Iterative α-(de)blending and Stochastic Interpolants
In this post I'm looking into a paper the authors of which promise to make diffusion models simple to understand and implement, called Iterative α-(de)blending1, and find out that this promise is only partially fulfilled, at least personally. I reproduce the algorithm from the paper and apply it to the generation of MNIST digits, like I did in the previous series of posts, and find out that something is missing. As the title of the post reveals, we might find the missing ingredient in Stochastic interpolants.
The authors of the paper, like many others, found the topic of diffusion models difficult to enter. Usually, diffusion models involve many difficult concepts used from probability theory, stochastic differential equations, etc., and the fact that diffusion models can be approached in so many different ways doesn't help either. This was also my motivation for writing the blog series in diffusion models — although I'm not sure I was able to make the topic much more approachable. Thus, they set out to derive a simple model using only bachelor-level concepts. So let's have a closer look!
Iterative α-(de)Blending
As you might remember from the posts on diffusion models, the whole goal we are trying to achieve, is finding a mapping between two probability distributions, so that we can e.g. sample from a simple one, like a Gaussian, and map it onto a more complex one, like the distribution of MNIST digits, or a certain dataset of images. The distributions are generally complicated and many-dimensional, which makes it hard to visualize. To facilitate the discussion, I will give examples of distributions on the 2D plane. Thus, for example, we might have distributions \(p_0, p_1\), corresponding to a uniformly sampled triangle and rhombus, respectively. In the image above, you can see a depiction of a possible mapping between these two distributions, as lines or paths connecting samples from \(p_0\) and \(p_1\). The paper spends some time introducing a way for calculating this mapping deterministically as a series of two basic operations they call \(\alpha\)-blending and \(\alpha\)-deblending. As the name suggests, these two operations are inspired by the blending of two images, e.g. alpha blending, where the blended image is a result of linearly interpolating between two images based on their alpha values.

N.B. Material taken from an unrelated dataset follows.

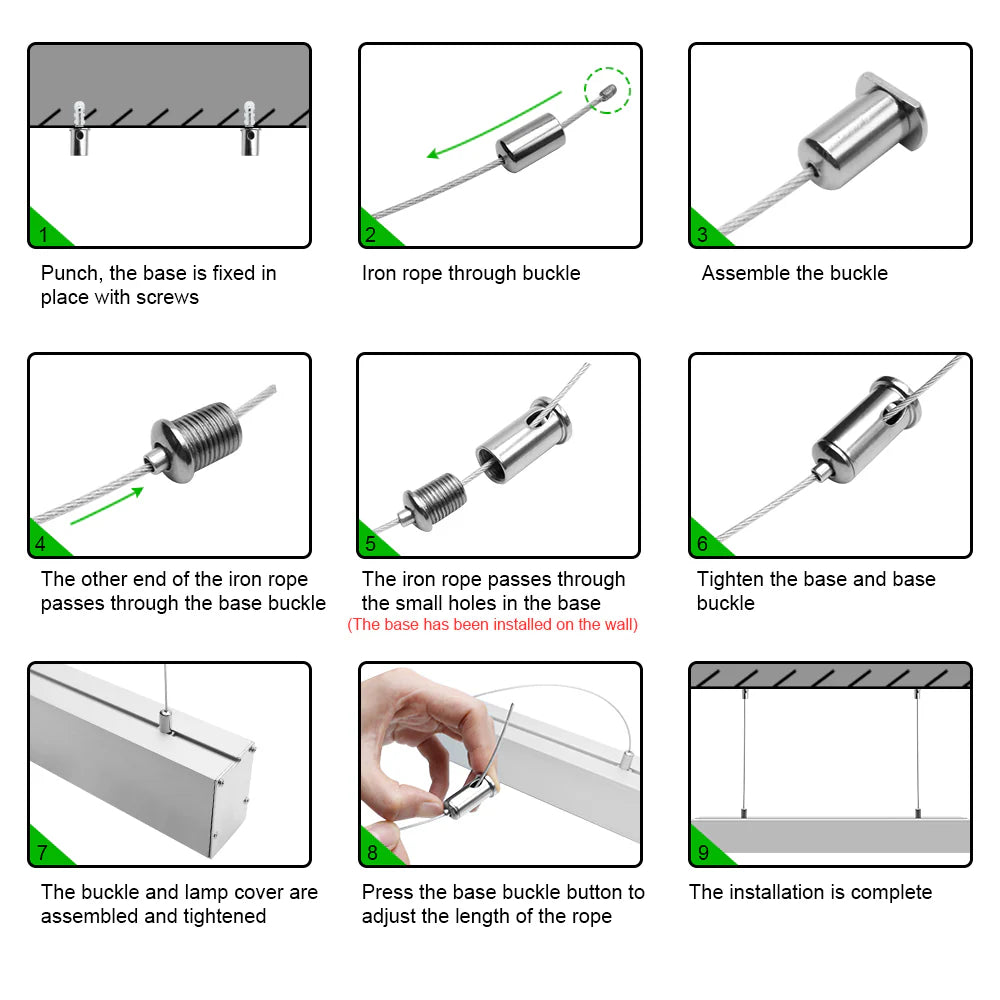 Wide Pendant LED Aluminum Profile Light H5075B – 29.3mm Inner Width | Silver Housing | Milky White Cover | With Installation Accessories | Suspension Mounting Linear Office Lighting | 1m / 2m Length | 10 / 20-Pack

The \(\alpha\)-blending operation is defined as linearly interpolating between a sample \(x_0 \sim p_0\), and a sample \(x_1 \sim p_1\), \[ \tag{1} \label{eq:blending_equation} x_{\alpha} = (1 - \alpha) x_0 + \alpha x_1 \] with \(x_{\alpha}\) being distributed according to \(p_{\alpha}\), while \(\alpha\)-deblending is the inverse operation (statistically), that is, starting from a blended sample \(x_{\alpha} \sim p_{\alpha}\), and ending up with pair of samples \( (x_0, x_1) \sim (p_0, p_1)\). As you might imaging, even though the blending operation is quite straightforward, the deblending operation is not as simple. There is no unique pair of \(x_0, x_1\) that blend to \(x_{\alpha}\), but a distribution, \(p(x_0, x_1 | x_{\alpha})\). Now, we notice that we can chain these operations; for example, if we have samples \(x_0, x_1\), we can blend them into sample \(x_{\alpha}\), and then we can deblend in some \(x_0', x_1'\), and then we can apply the blending again, with \(\alpha' = \alpha + \Delta \alpha\). We can repeat that for an arbitrary number of steps for an increasing value of the blending parameter \(\alpha\). A series of such blended points, \(x_{\alpha}\), can be considered as points on a path mapping \(x_0\) to \(x_1\). We can write code to produce such paths,
def iadb(N): a = 1.0 / N x0 = sample_triangle()[0,:] x1 = sample_square()[0,:] xt = (1.0 - a) * x0 + a * x1 points = [x0, xt] for _ in range(N-1): while True: x0 = sample_triangle()[0,:] x1 = (xt - (1.0 - a) * x0) / a if point_in_square(x1): a += 1.0 / N xt = (1.0 - a) * x0 + a * x1 points.append(xt) break return np.array(points)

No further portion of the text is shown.